With the music already in hand, Joaquín Grilo concentrated on shaping
its dancing. "Since I wasn't getting anything in Jerez, I went to Bologna
for a couple of weeks with my wife. There I started to get what this guy was doing
a little and what I wanted to get, since one thing is what he expresses and another
is what I get. Each of us feels things very differently; he might feel some nuances
which aren't the ones I see and that's what happens with dancers and musicians
when performing". They were all in Madrid in mid-November. The gathering
turned out positively "and the people in the ballet responded very well and
with a lot of gusto". A month later, "we have like ten or twelve minutes
set up between the jaleo and the soleá through bulerías. The hardest
part is left, the end, the finishing touch; and the fandango which is still in
the early stages, but at least now they have the technique. That has basically
been the formula".

Joaquín Grilo rehearses 'Tiempo' with the BNE
At the same time, the bailaor and choreographer has "worked to find out
a great many things about time. I bought a very complicated book which made me
rack my brains incredibly because it was about philosophy, physics and mathematics.

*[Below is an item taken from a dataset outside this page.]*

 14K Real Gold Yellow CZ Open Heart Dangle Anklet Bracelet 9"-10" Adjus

And there were really nice texts about time by thinkers from all eras. Very logical
things, but ones you don't realize until you read them. One text said that we
all know what time is, but when you're asked you can't explain what it is exactly,
everything's always very relative. What is true is that something always has to
happen in time; if not, there's no time. And depending on what point in time you
do it, there's past time, present time and future time. And that's what there
is in music: one note that's delayed, another that's landed and another which
is further ahead. That's what it's about... and about having each person who's
there with us dancing and playing understand that in a very special way, the way
I understand it, which is more complicated".
To make the understanding flow, he has invited Brazilian percussionist Rubem
Dantas to take part in the show, together with the musicians on the ballet's staff,
in charge of performing the pieces created by the Córdoba-born guitarist.

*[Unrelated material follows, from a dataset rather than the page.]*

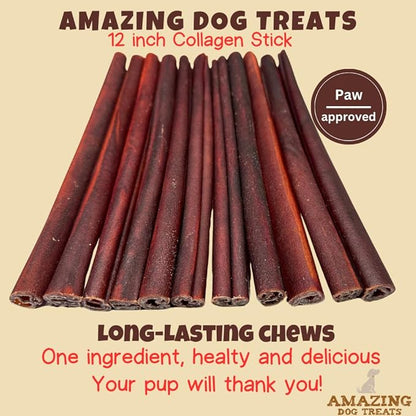 Amazing Dog Treats 12 Inch Collagen Stick - (5 Count) - Collagen Sticks for Dogs - No Hide Dog Bones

"It's very important to me for him to be there because he's going to provide
the touch that I want. Sometimes I suffer the void of that thing he has and which
I can't find in another percussionist, not for being better or worse, but for
being different. The people who are in the BNE are coming through very well and
are trying to perform it as well as possible, but it's still empty of... time,
which moves, for there to be a specific weight, so that it's never going to fall
down, the pulse of the matter. That's the word, pulse".